--- Given data Enclosed Below ---

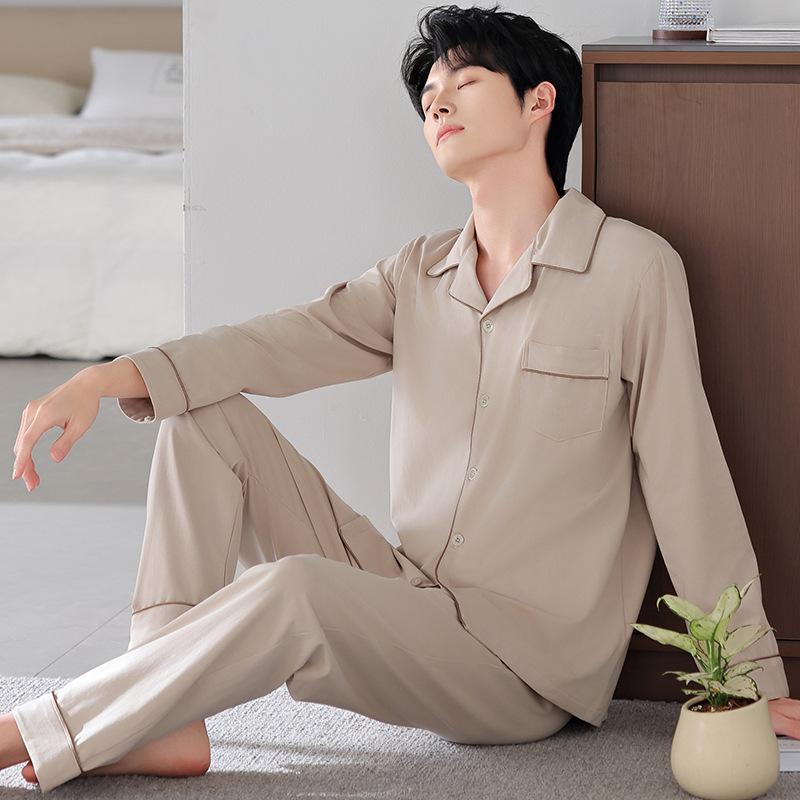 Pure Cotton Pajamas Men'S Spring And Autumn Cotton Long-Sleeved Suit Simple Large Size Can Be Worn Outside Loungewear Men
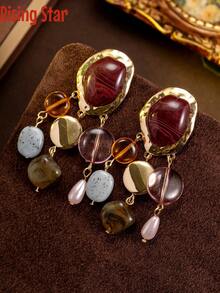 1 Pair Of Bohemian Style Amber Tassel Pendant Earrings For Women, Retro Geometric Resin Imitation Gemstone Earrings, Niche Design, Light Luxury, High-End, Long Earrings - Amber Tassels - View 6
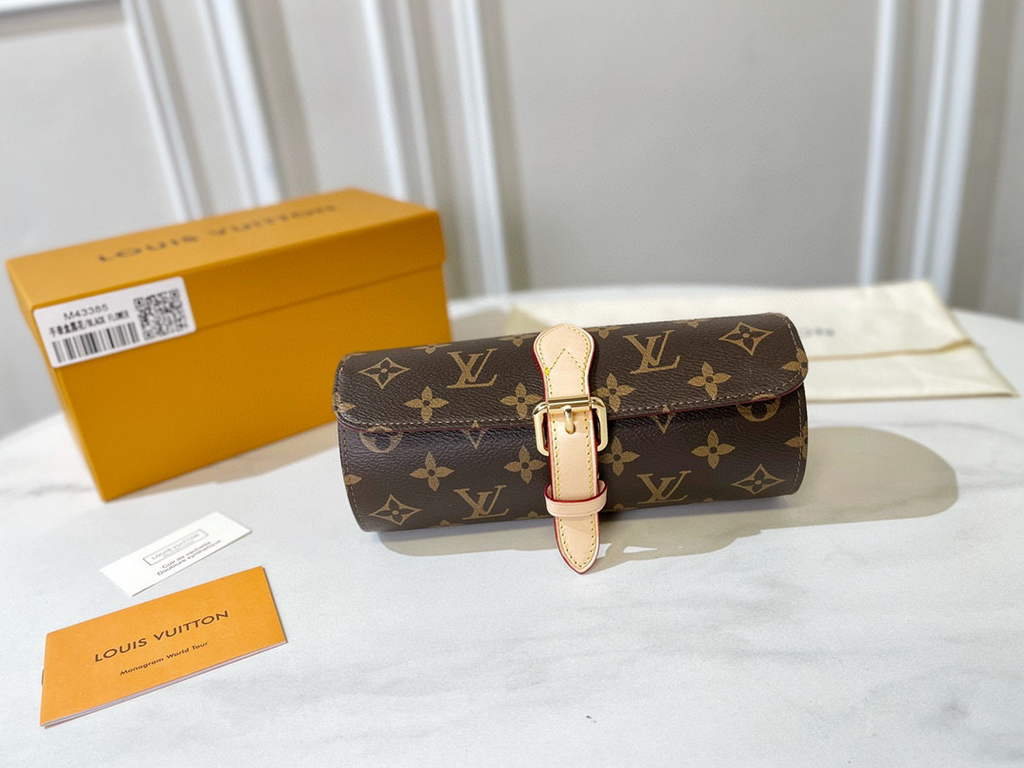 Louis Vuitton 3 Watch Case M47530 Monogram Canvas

--- End of Enclosed Given data ---

▶ Task: The listing above should be transcribed word for word, with its pictures left out.

▶ Output for this task:
 Pure Cotton Pajamas Men'S Spring And Autumn Cotton Long-Sleeved Suit Simple Large Size Can Be Worn Outside Loungewear Men
 1 Pair Of Bohemian Style Amber Tassel Pendant Earrings For Women, Retro Geometric Resin Imitation Gemstone Earrings, Niche Design, Light Luxury, High-End, Long Earrings - Amber Tassels - View 6
 Louis Vuitton 3 Watch Case M47530 Monogram Canvas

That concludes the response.